Before a server can join a DAG,
it must be able to communicate with the cluster service running on
every other member server that is currently in the DAG. In other words,
you cannot expect to populate a DAG if some servers are offline or
experiencing network problems. There are a number of reasons why
communication might not be possible, including the following:
Servers are powered off or otherwise unavailable.
The cluster service is not running on a server.
Firewall rules on a server are blocking communication to the cluster service.
The DNS service is unavailable.
Authentication problems (Kerberos, Active Directory, or NTLM) are interfering with secure server-to-server communications.
Production servers should have two network
interface cards (NICs) to allow them to isolate MAPI traffic
(interaction with other servers including CAS and Active Directory) and
replication traffic (log shipping and database seeding). This is not a
hard technical requirement from an Exchange perspective because it is
perfectly feasible to have all traffic routed across a single NIC, assuming that the NIC has sufficient capacity to handle the network traffic (Microsoft recommends Gigabit Ethernet for single NICs).
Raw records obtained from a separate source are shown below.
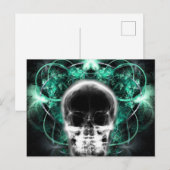 Röntgenfoto vlinder fractal schedel - Blauwgroen Briefkaart (Voorkant / Achterkant)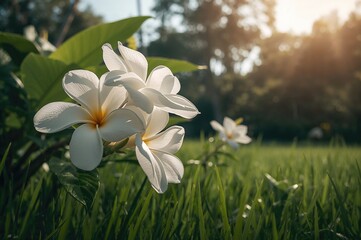 Obraz premium White frangipani blossoms resting on lush green grass, natural floral texture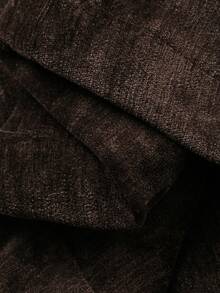 Livesso Autumn/Winter Velvet Lace Trim Flared Skirt Pants, 2 In 1 Casual/Office Elegant Brown Trousers For Women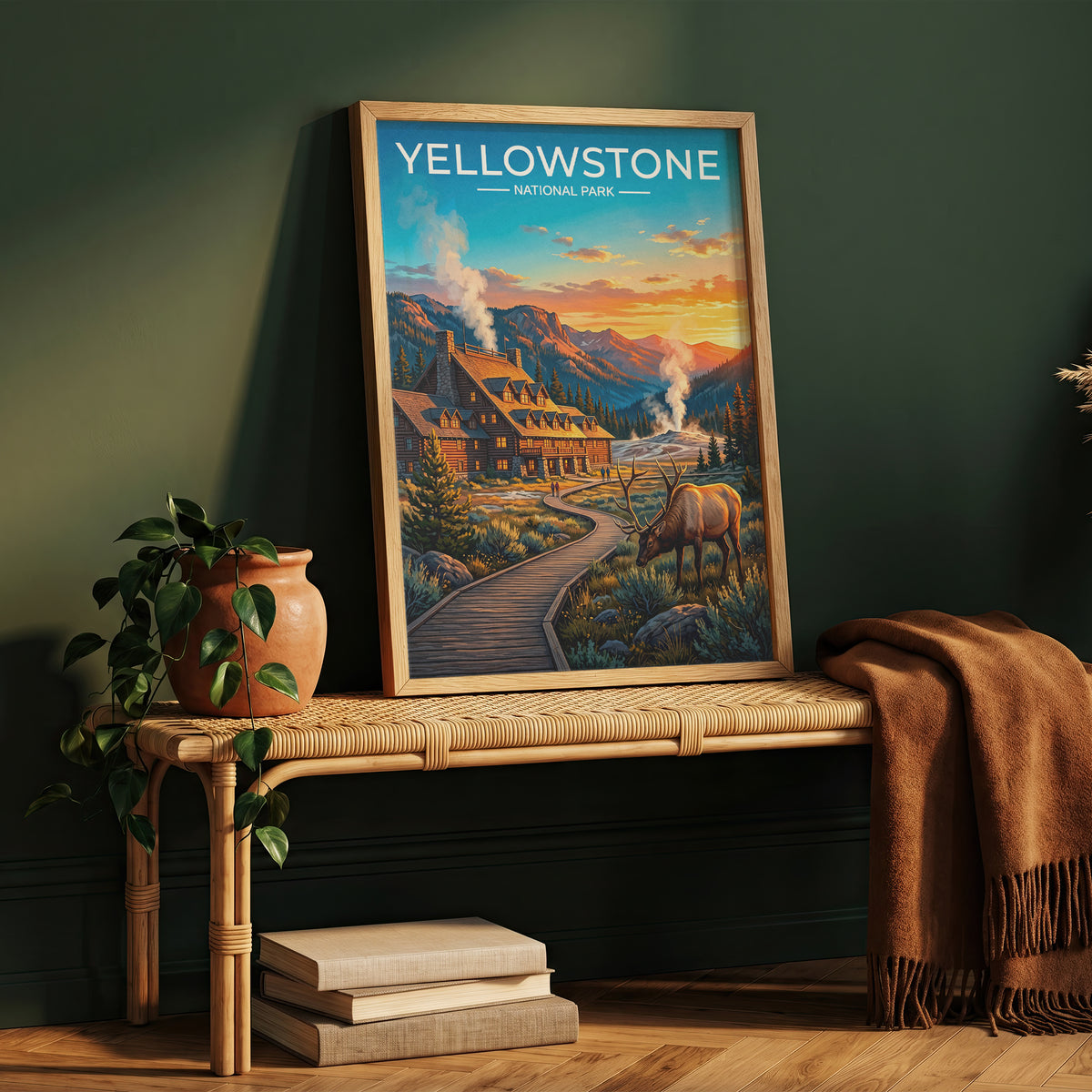 Yellowstone National Park Poster, Old Faithful Geyser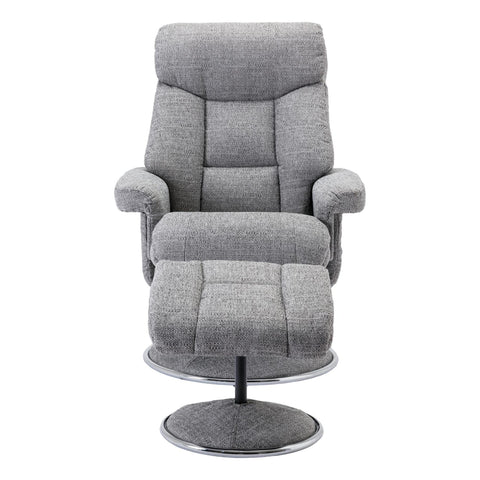 The Biarritz - Swivel Recliner Chair & Matching Footstool in Lisbon Rock Fabric - image 3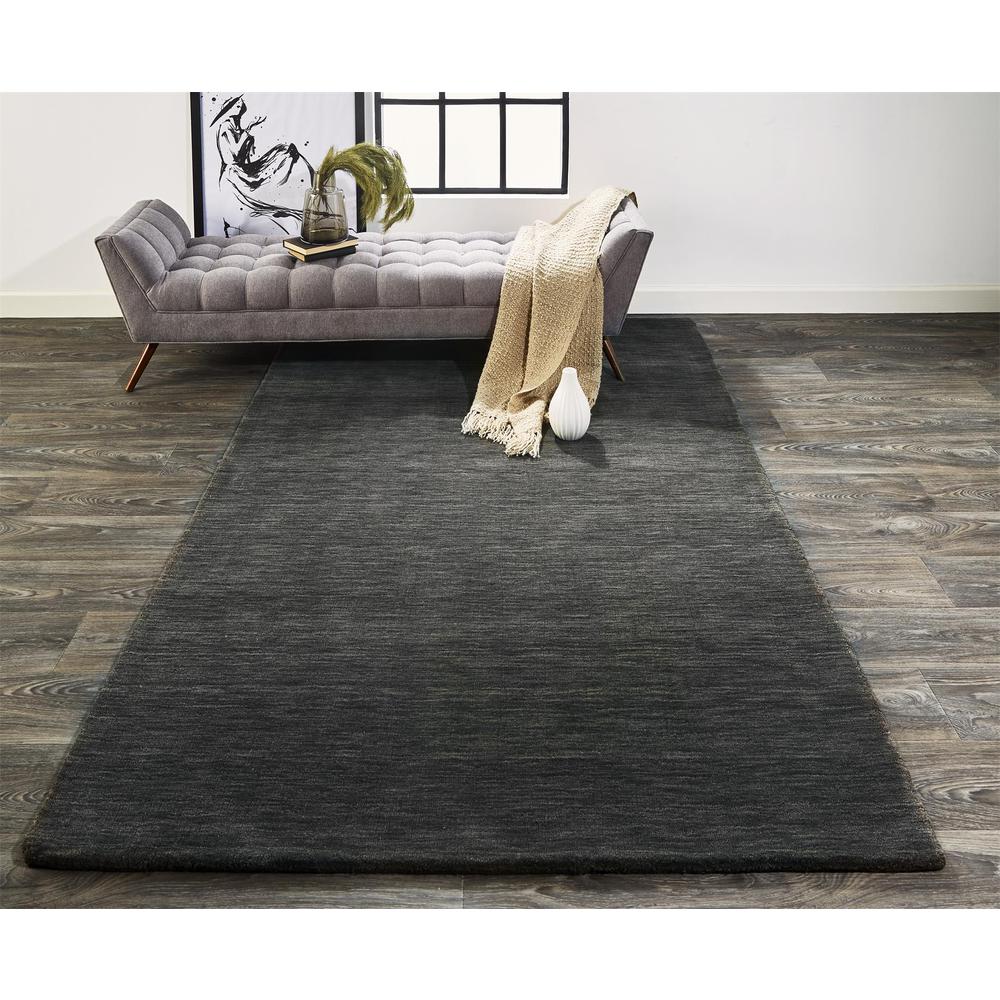 Luna Hand Woven Marled Wool Rug, Charcoal Gray, 3ft-6in x 5ft-6in Accent Rug, 5798049FCHL000C50. Picture 1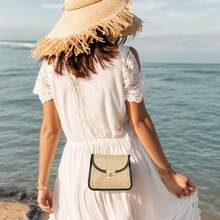 Personalized Embroidered Straw Shoulder Bag, Handmade Woven Crossbody Bag, Summer Beach, Bride Honeymoon Gift - Black - View 10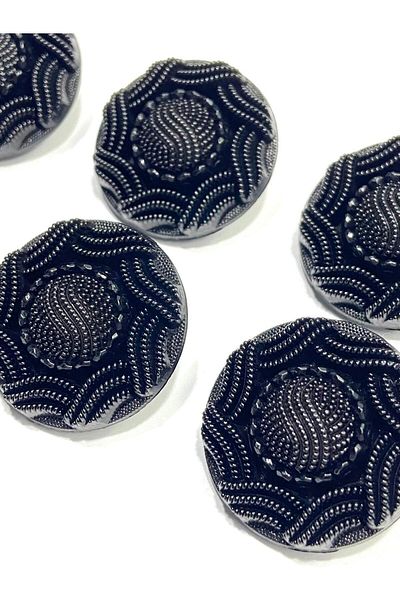 karantuhafiye 2.8 cm Black Italian Coat Coat Button - Set of 6 M014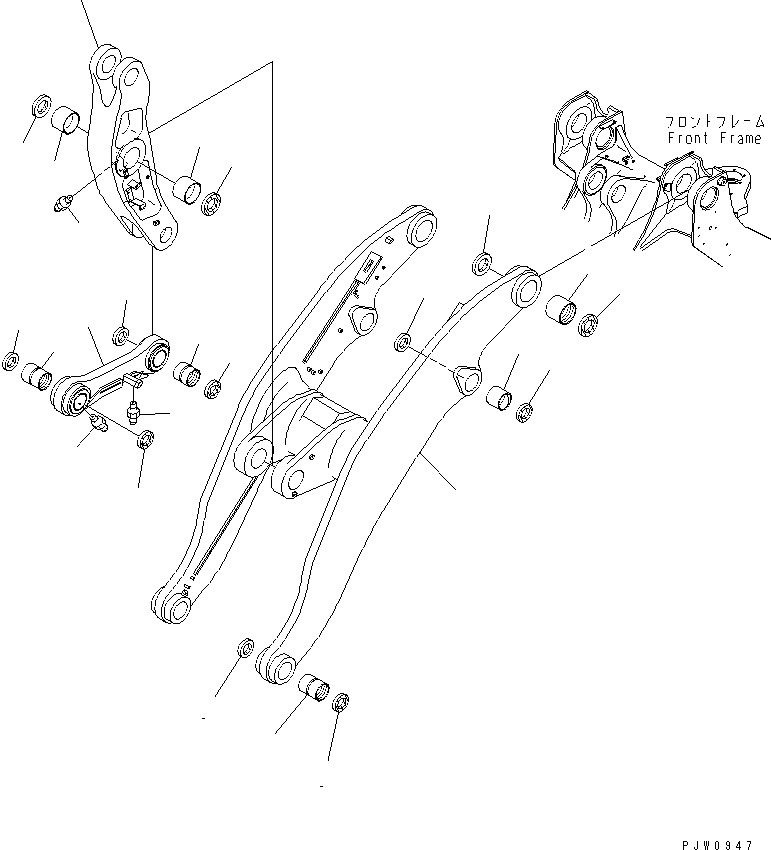 Wheel Loaders Komatsu / WA700-3 S/N 50001-UP(wa700-3c) / LIFT ARM AND BELLCRANK (WITH AUTO GREASE)(#50001-51074)(330020 : T4110-01A1)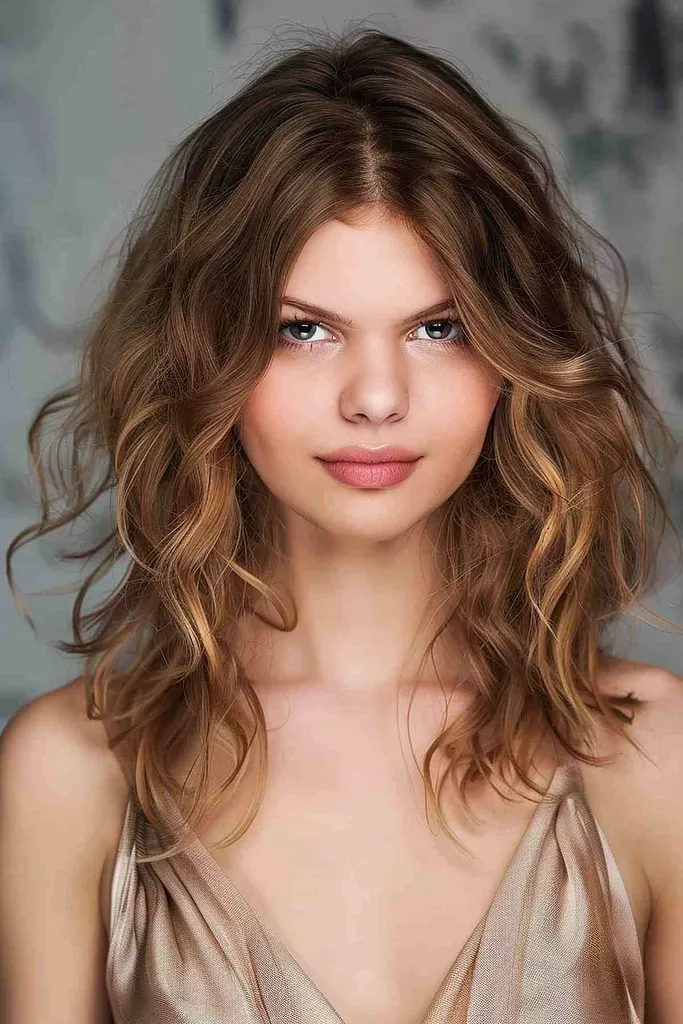 Rodet bølget frisure til fest' title=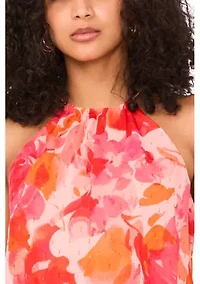 Women's Sleeveless Halter Neck Floral Print Maxi Dress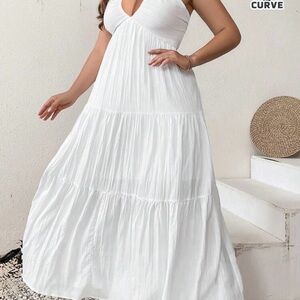 Plus size White Chiffon Halter Neck Backless Maxi Dress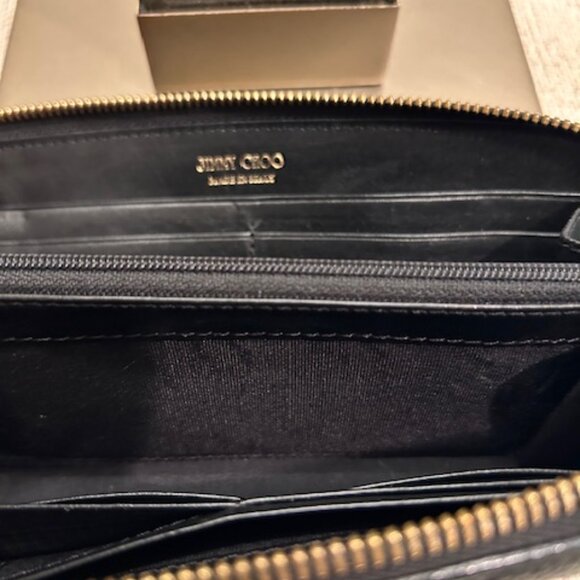 Jimmy Choo Leather Zip Around Wallet with Gold Logo Plaque - Picture 11 of 12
However, Windows Failover Clustering also has a dependency on a solid
network and because dependable replication is so important to the smooth
operation of the DAG, it’s really best if you deploy servers equipped
with dual NICs for DAGs. Additional replication networks can be added as
required and you can take advantage of techniques such as NIC teaming
to improve overall network resilience against failure. You can also consult TechNet to determine how to best to configure network settings for DAG operations.